# What is the relationship between Fabio Biondi and Maurizio Biondi ?



## BBSVK (10 mo ago)

Seriously, I am googling this for the second time and internet doesn't tell. I know both names in connection with the critical editions of Norma.


----------



## Art Rock (Nov 28, 2009)

Googling. Page 2 yields this reference:









“Norma” di Bellini (Parma,2001) su Rai 5


Domani su Rai 5 viene replicata la Norma di Bellini che andò in scena al Regio di Parma nel marzo 2001. Si tratta di una edizione filologica curata da Maurizio Biondi e diretta dal fratello Fabio B…




musicofilia.wordpress.com





claiming that they are brothers.


----------



## Shaughnessy (Dec 31, 2020)

Excerpt from - "Divas and Scholars - Performing Italian Opera" by Philip Gossett









Divas and Scholars


Winner of the 2007 Otto Kinkeldey Award from the American Musicological Society and the 2007 Deems Taylor Award from the American Society of Composers, Authors, and Publishers.Divas and Scholars is a dazzling and beguiling account of how opera comes to the stage, filled with Philip Gossett’s...




press.uchicago.edu





When *Fabio Biondi conducted* *Norma* for the Verdi Festival of Parma in March 2001, he chose to perform the original version of the first-act finale of the opera, in which the composer highlighted equally the three pro tagonists, Norma, Adalgisa, and Pollione a version printed in the earliest Ricordi vocal score of the opera." But Bellini later modified the passage in his autograph manuscript by crossing out a number of measures and by re moving several pages, thus significantly reducing the presence of Adalgisa in the ensemble. Both musicians and scholars have found fault with this modification, which surely reflected the composer's nervousness after the opera was poorly received at its Milanese premiere (Teatro alla Scala, 26 December 1831).* Seeking to restore the passage to its original form, Fabio's brother, Fabrizio Biondi, located the relevant measures in manuscript copies* of the full score of Norma at the Conservatories of Naples and Milan. Despite their present location, however, both manuscripts were prepared in Naples, and it soon became apparent that they are examples of just the kinds of manuscripts Bellini had protested, in which the orchestration of the entire opera (not just the first-act finale) was falsified. *Fortunately, Fabrizio and I realized the problem in time to develop a more plausible orchestration of the missing measures* for the Parma performances. And, of course, this editorial orchestration was identified as such so that performers could judge for themselves whether it was successful or not, without assuming it was Bellini's own work.

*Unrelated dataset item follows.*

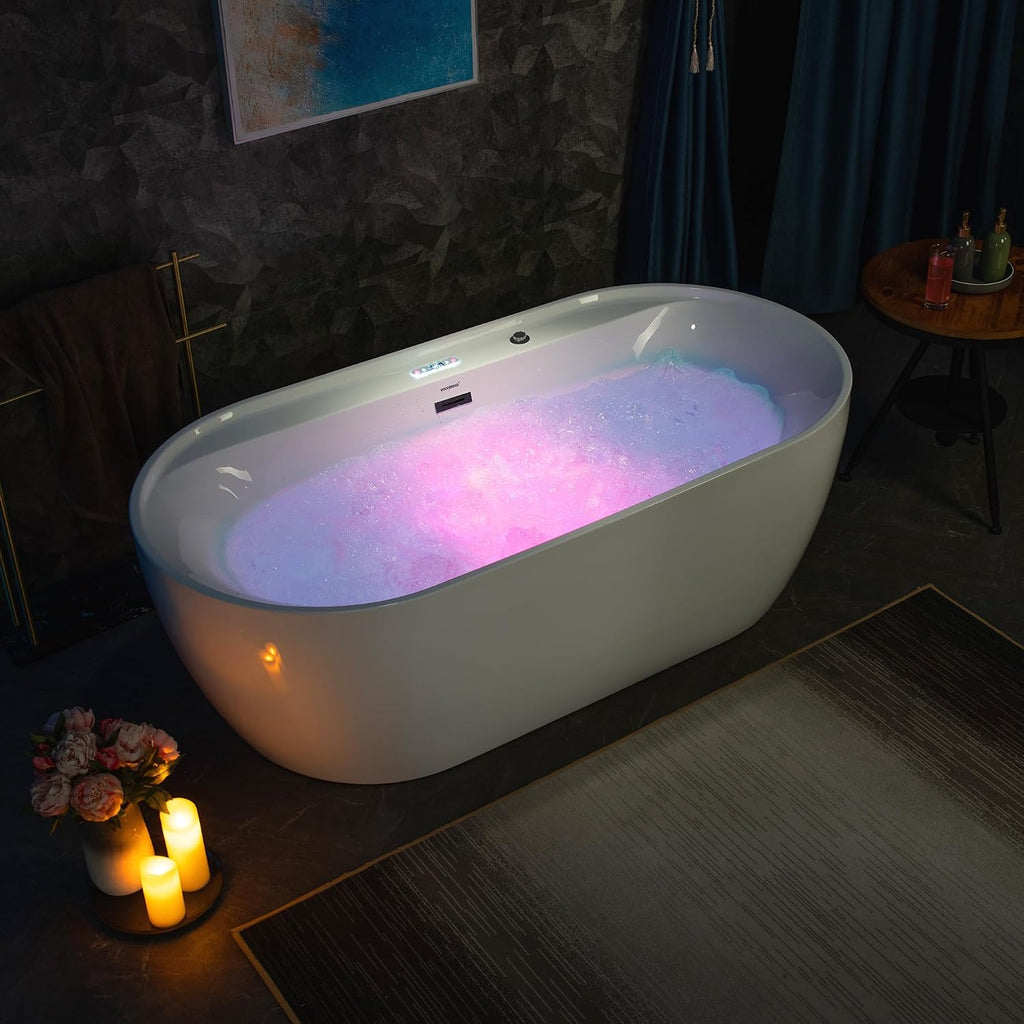 WOODBRIDGE 72' x 35-3/8' Whirlpool and Air Bath Heated Soaking Combination Tub with Adjustable Speed Air Blower and Display Control Panel, Matte Black Finish Trim and Drain Kit, BM500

From - *The Metropolitan Opera Opens the Season with Bellini's Norma -*






EAM: The Metropolitan Opera Opens the Season with Bellini's Norma







www.eamdc.com





"With *Bellini's *_*Norma*_, as so often occurs, the performance tradition has obscured the work's original Urtext. This brilliant *new performing edition, commissioned by Cecilia Bartoli *and* edited by Maurizio Biondi and Riccardo Minasi* in collaboration with Francesco Izzo, removes incorrect additions and non-original material and for the first time reinstates significant details of Bellini's manuscript to reflect his original intentions. The edition had its premiere performances as part of Bartoli’s European tour in 2016." 

Fabio Biondi is a violinist and conductor...

Fabrizio Biondi is Fabio's brother and also an orchestrator.

Maurizio Biondi removed the incorrect additions and non-original material and reinstated details of the original Bellini manuscript. Maurizio's connection to Fabio and Fabrizio Biondi resists definition as no connection can be found other than an entry made in a Google group page by a member but the coincidence is too great to think that they can be anything other than related in some manner.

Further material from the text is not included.